COUR D'APPEL DE MONTPELLIER

1re chambre sociale

ARRET DU 27 NOVEMBRE 2024

Numéro d'inscription au répertoire général :

N° RG 22/05237 - N° Portalis DBVK-V-B7G-PSPL

Décision déférée à la Cour :

Jugement du 14 SEPTEMBRE 2022 du CONSEIL DE PRUD'HOMMES - FORMATION PARITAIRE DE PERPIGNAN

N° RG F 20/00493

APPELANT :

Monsieur [X] [E]

né le 02 Février 1968 à [Localité 3]

de nationalité Française

[Adresse 1]

Représenté par Me Philippe AYRAL de la SCP AYRAL-CUSSAC, avocat au barreau de PYRENEES-ORIENTALES

INTIMEE :

La Société LES PORTES DES ALBERES, inscrite sous le n° 817 553 431, prise en la personne de son représentant légal en exercice et dont le siège social est situé :

[Adresse 2]

Représentée par Me Jessica MARIN de la SELASU JESSICA MARIN, avocat au barreau de PYRENEES-ORIENTALES

Ordonnance de clôture du 11 Septembre 2024

COMPOSITION DE LA COUR :

En application des dispositions des articles 805 et 907 du code de procédure civile, l'affaire a été débattue le 02 Octobre 2024,en audience publique, les avocats ne s'y étant pas opposés, devant Monsieur Philippe DE GUARDIA, Président de chambre, chargé du rapport.

Ce magistrat a rendu compte des plaidoiries dans le délibéré de la cour, composée de :

Monsieur Philippe DE GUARDIA, Président de chambre

M. Jean-Jacques FRION, Conseiller

Mme Anne MONNINI-MICHEL, Conseillère

Greffier lors des débats : Mme Marie BRUNEL

ARRET :

- contradictoire ;

- prononcé par mise à disposition de l'arrêt au greffe de la cour, les parties en ayant été préalablement avisées dans les conditions prévues au deuxième alinéa de l'article 450 du code de procédure civile ;

- signé par Monsieur Philippe DE GUARDIA, Président de chambre, et par Mme Marie BRUNEL, Greffière.

*

* *

FAITS ET PROCÉDURE

[X] [E] a été embauché le 11 mars 2019 par la société Les Portes des Albères. Il exerçait les fonctions de commercial avec un salaire mensuel brut de base en dernier lieu de 1 959,08€ complété par des commissions.

Le 29 février 2020, il a démissionné.

Le 25 novembre 2020, estimant ne pas avoir été rempli de ses droits à commissions, le salarié a saisi le conseil de prud'hommes de Perpignan qui, par jugement du 14 septembre 2022, l'a débouté de ses demandes et condamné au paiement de la somme de 700€ sur le fondement de l'article 700 du code de procédure civile.

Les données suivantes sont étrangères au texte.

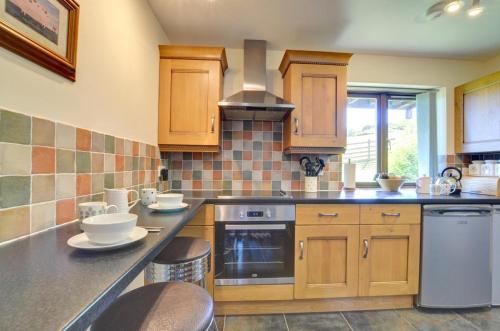 Iekārtas, 2 Bed in Caersws oc-waa322 in Trefeglwys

Le 17 octobre 2022, [X] [E] a interjeté appel. Dans ses dernières conclusions notifiées par RPVA le 16 janvier 2023, il conclut à l'infirmation et à l'octroi de :

- la somme de 3 743,08€ brut à titre de solde de commissions dues en exécution du contrat de travail,

- la somme de 3 239,25€ brut à titre de commission exceptionnelle liée au dépassement du chiffre d'affaires,

- la somme de 5 000€ sur le fondement de l'article 700 du code de procédure civile.

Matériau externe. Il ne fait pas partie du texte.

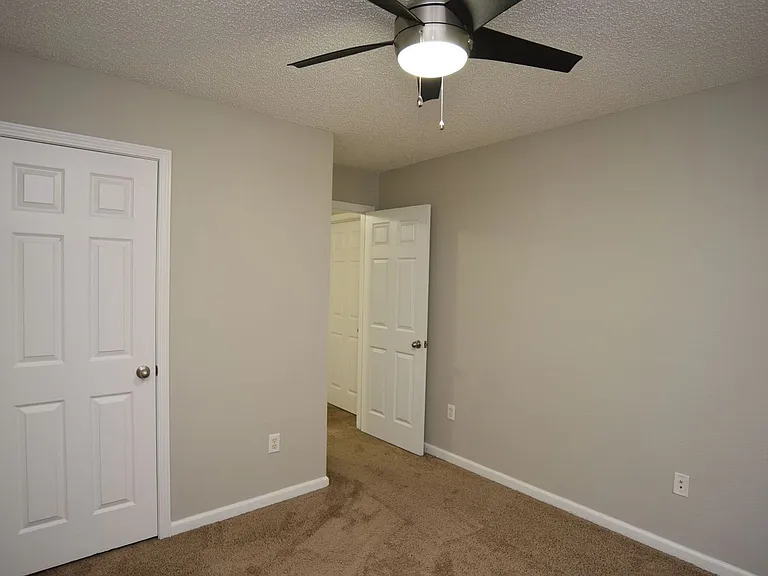 825 Canyon Oak Loop — Photo 2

Dans ses dernières conclusions déposées par RVPA le 14 avril 2023, la SASU Les portes des Albères demande de confirmer le jugement et lui allouer la somme de 3 500€ sur le fondement de l'article 700 du code de procédure civile.

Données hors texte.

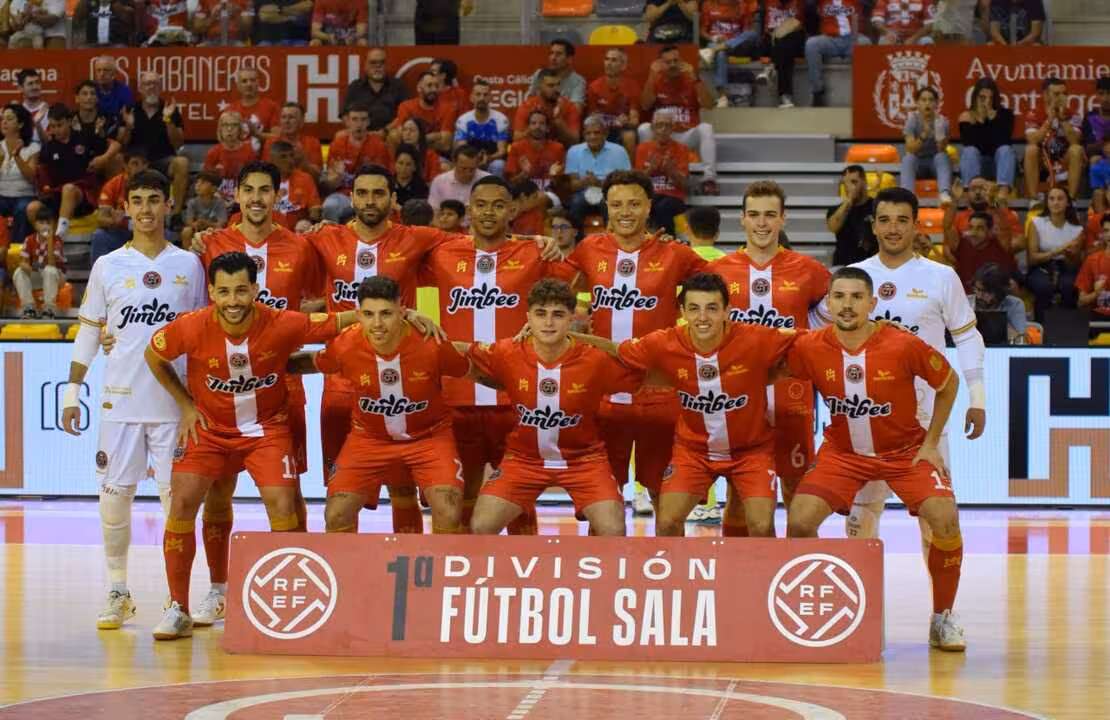 Los jugadores de Jimbee posan para los compañeros de la prensa gráfica antes del encuentro ante el Alzira/Foto: JCT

Pour un plus ample exposé des faits, de la procédure, des moyens et des prétentions des parties, il y a lieu de se reporter au jugement du conseil de prud'hommes et aux conclusions déposées.

MOTIFS DE LA DECISION

Sur les commissions dues :

Il résulte de l'article 1353 du code civil que c'est à l'employeur qu'il incombe d'établir qu'il a effectivement payé au salarié les commissions qu'il lui doit. Lorsque le calcul de la rémunération dépend d'éléments détenus par l'employeur, celui-ci est tenu de les produire en vue d'une discussion contradictoire.

Les décomptes de commissions signés par le salarié n'exonèrent pas l'employeur de son obligation.

- sur l'interprétation de la clause contractuelle relative à la rémunération variable :

Le contrat de travail prévoit que le salarié devait percevoir une commission « sur une partie du chiffre d'affaires réalisé sur les ventes qu'il aura menées à bonne fin.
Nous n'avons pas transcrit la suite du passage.